Sure, many folks go to an Alice B. Toklas place when creative brownie making is mentioned, but for a goody two-shoes like me (with a cop pal as my afternoon's company to boot!), there's much swoony satisfaction in a recipe that highlights some of my favorite legal vices. I'm hardly the first to alight at bacon brownies, but I decided to borrow a step from the bourbon balls I'm often rolling up 'round this time of year for holiday party purposes. A double-soak -- once pre and once mid-toasting of a half cup of pecans in bourbon, and a swap-in of the nut-infused bourbon for the traditional vanilla brings a slightly tipsy edge to a deeply fudgy brownie.
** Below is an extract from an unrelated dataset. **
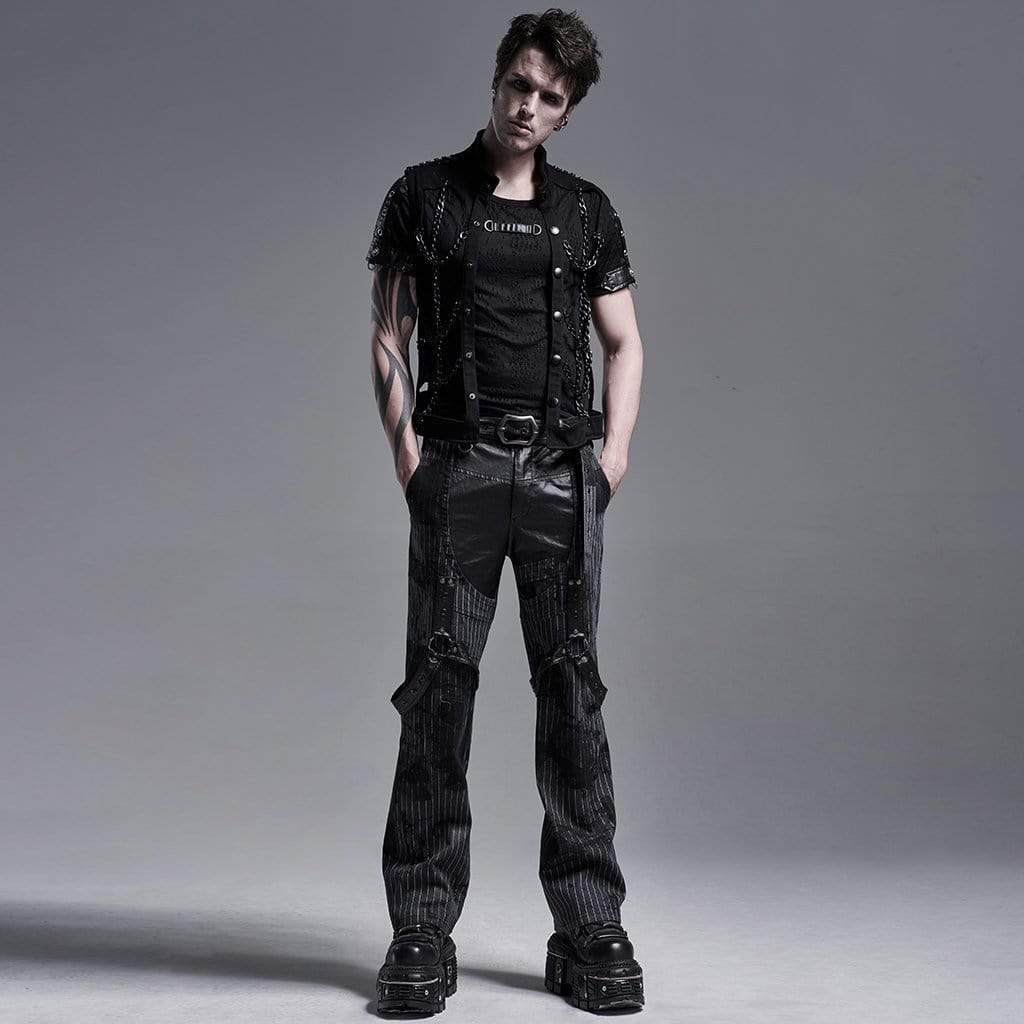 Men's Gothic Faux Leather Splicing Striped Pants With Harness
A grind of fresh black pepper (inspired by a Chanterelle Staff Meals brownie recipe, which credited the technique to Maida Heatter) strums the palate to life; a subtle note of smoked salt lets the bolder bacon sing.

Had there not been half a foot of snow atop my grill cover, I'd have seen what came of an attempt to tobacco-smoke the pecans and chocolate, but for now, these are more than sufficiently wicked.

Recipe for Legal Vice Brownies is after the jump.


Legal Vice Brownies

1/2 lb bacon
8 oz butter
10 oz baking chocolate*
1 cup granulated sugar
1/2 cup firmly packed brown sugar
5 large eggs
Freshly-ground black pepper
1/4 cup unsweetened cocoa powder
1/2 tsp smoked salt
1 1/2 cups flour
1/2 cup chopped pecans
Bourbon**

Preheat the oven to 350F.

Cook the bacon until it is very crisp, drain off the grease and set aside. Pat the bacon dry with paper towels, crumble into tiny pieces, chopping in food processor if possible. Set aside.

Place the pecans in a bowl and just cover with bourbon. When roughly half of the bourbon has been absorbed, scoop out the pecans with a slotted spoon, arrange them in a single layer on a baking sheet and bake until nearly toasted. Reserve one teaspoon of the bourbon, pour the remainder over the pecans, and let them finish toasting. Remove them from the oven and set aside.

In a double boiler, over simmering water, combine the butter and chocolate. When the mixture is nearly melted, remove it from the heat and stir together until blended. Pour the mixture into a medium-sized bowl and let it cool to room temperature.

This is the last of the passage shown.